Task item>
Going down the data below, set down exactly the line with "с этой фотографией.&nbsp;" and each line after it through the line with "2018 TOYOTA CAMRY L photo 7"; no other lines.
BEGIN Supplied data
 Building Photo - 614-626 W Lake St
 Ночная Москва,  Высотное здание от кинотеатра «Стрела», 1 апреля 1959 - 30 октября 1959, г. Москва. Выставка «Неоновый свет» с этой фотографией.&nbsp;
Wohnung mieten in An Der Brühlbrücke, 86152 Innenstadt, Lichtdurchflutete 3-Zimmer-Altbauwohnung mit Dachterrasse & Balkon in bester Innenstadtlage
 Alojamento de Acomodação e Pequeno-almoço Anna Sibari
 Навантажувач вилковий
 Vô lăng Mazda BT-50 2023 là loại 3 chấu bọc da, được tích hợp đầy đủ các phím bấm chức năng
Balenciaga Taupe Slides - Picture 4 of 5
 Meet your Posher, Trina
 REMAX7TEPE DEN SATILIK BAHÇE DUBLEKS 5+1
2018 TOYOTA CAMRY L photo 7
END Supplied data
BEGIN Supplied data
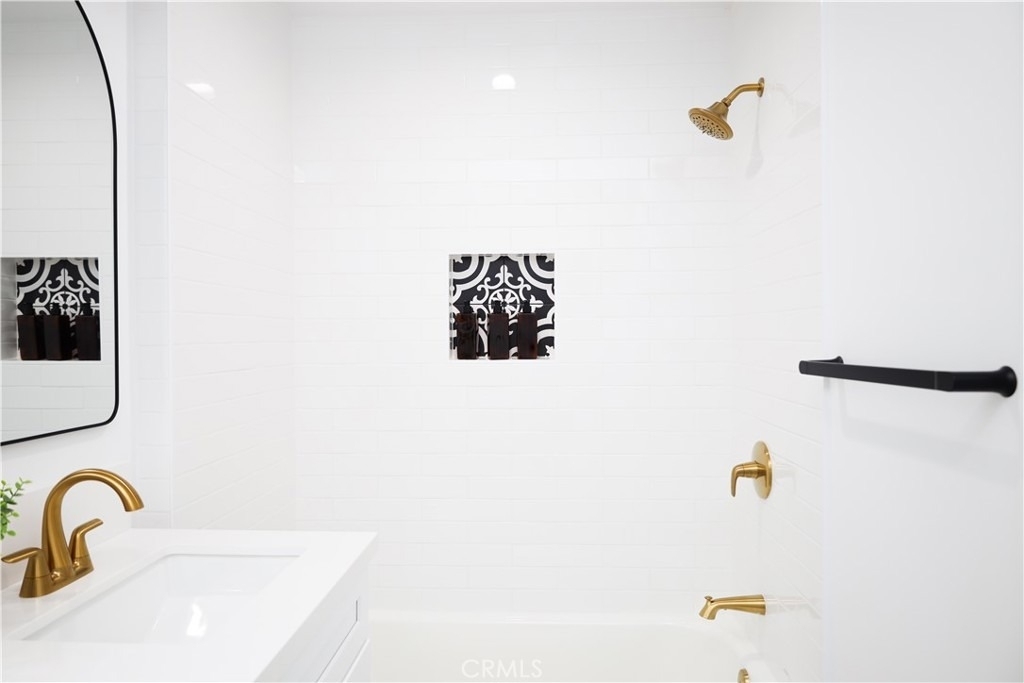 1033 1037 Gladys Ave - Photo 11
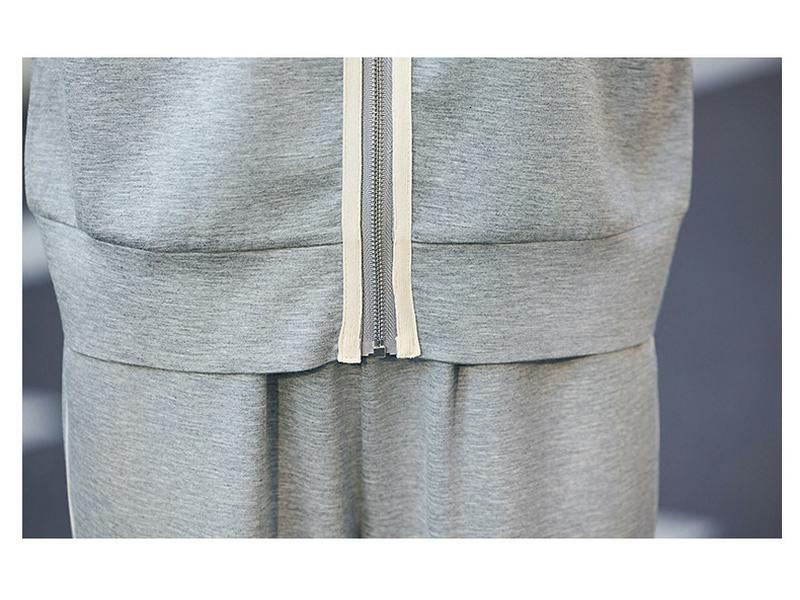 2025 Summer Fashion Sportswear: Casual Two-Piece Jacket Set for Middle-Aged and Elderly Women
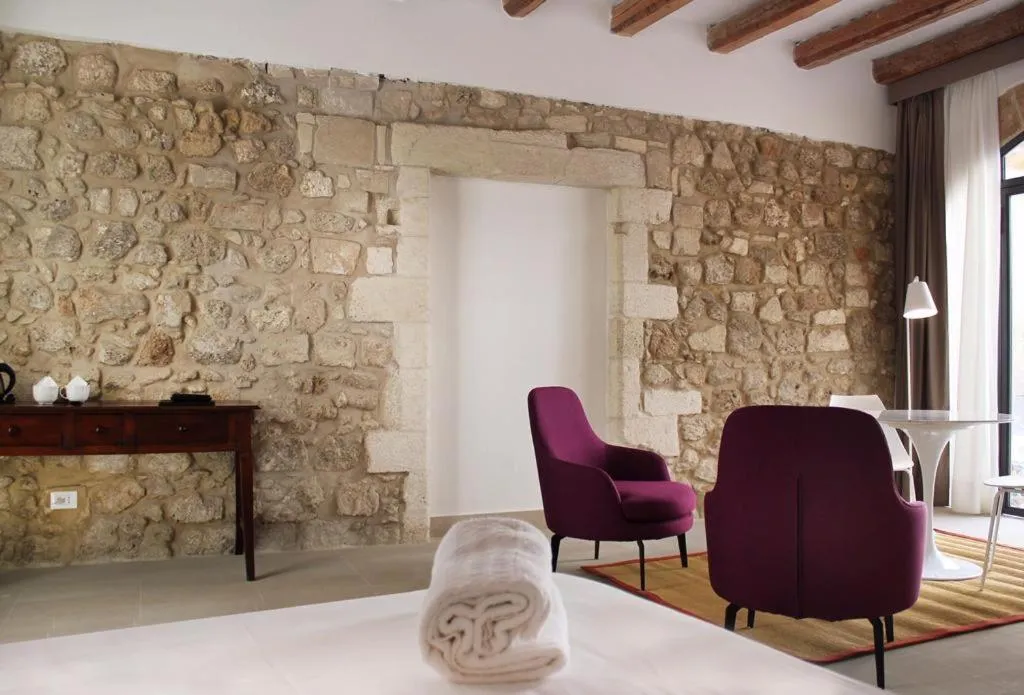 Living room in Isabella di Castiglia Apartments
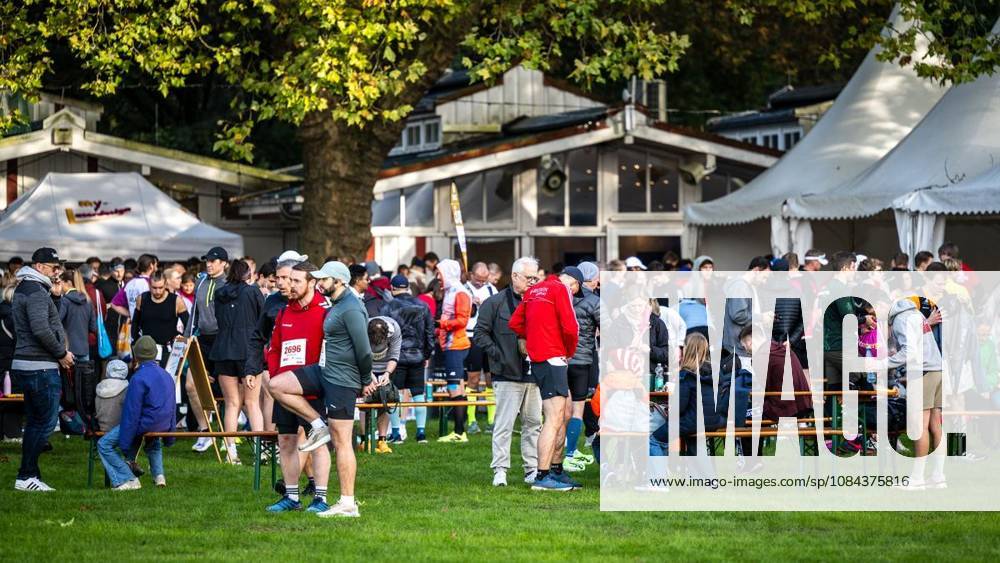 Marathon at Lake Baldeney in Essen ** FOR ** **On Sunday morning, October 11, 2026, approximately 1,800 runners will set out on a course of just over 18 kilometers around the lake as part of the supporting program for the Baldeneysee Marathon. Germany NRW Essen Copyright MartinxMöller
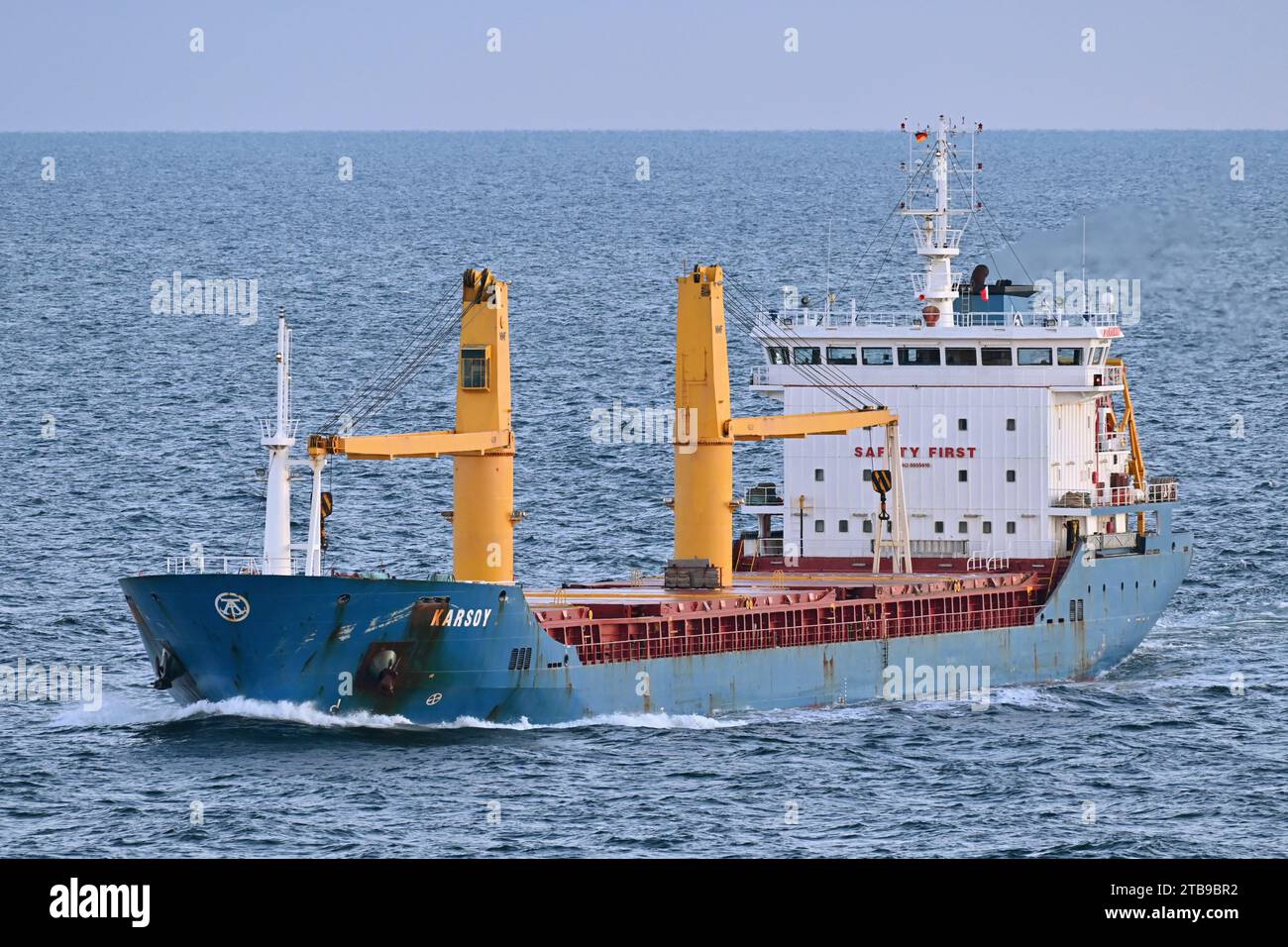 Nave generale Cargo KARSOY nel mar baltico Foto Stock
END Supplied data
BEGIN Supplied data
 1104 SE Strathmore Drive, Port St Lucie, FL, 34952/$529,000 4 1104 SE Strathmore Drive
END Supplied data
Result>
 Ночная Москва,  Высотное здание от кинотеатра «Стрела», 1 апреля 1959 - 30 октября 1959, г. Москва. Выставка «Неоновый свет» с этой фотографией.&nbsp;
Wohnung mieten in An Der Brühlbrücke, 86152 Innenstadt, Lichtdurchflutete 3-Zimmer-Altbauwohnung mit Dachterrasse & Balkon in bester Innenstadtlage
 Alojamento de Acomodação e Pequeno-almoço Anna Sibari
 Навантажувач вилковий
 Vô lăng Mazda BT-50 2023 là loại 3 chấu bọc da, được tích hợp đầy đủ các phím bấm chức năng
Balenciaga Taupe Slides - Picture 4 of 5
 Meet your Posher, Trina
 REMAX7TEPE DEN SATILIK BAHÇE DUBLEKS 5+1
2018 TOYOTA CAMRY L photo 7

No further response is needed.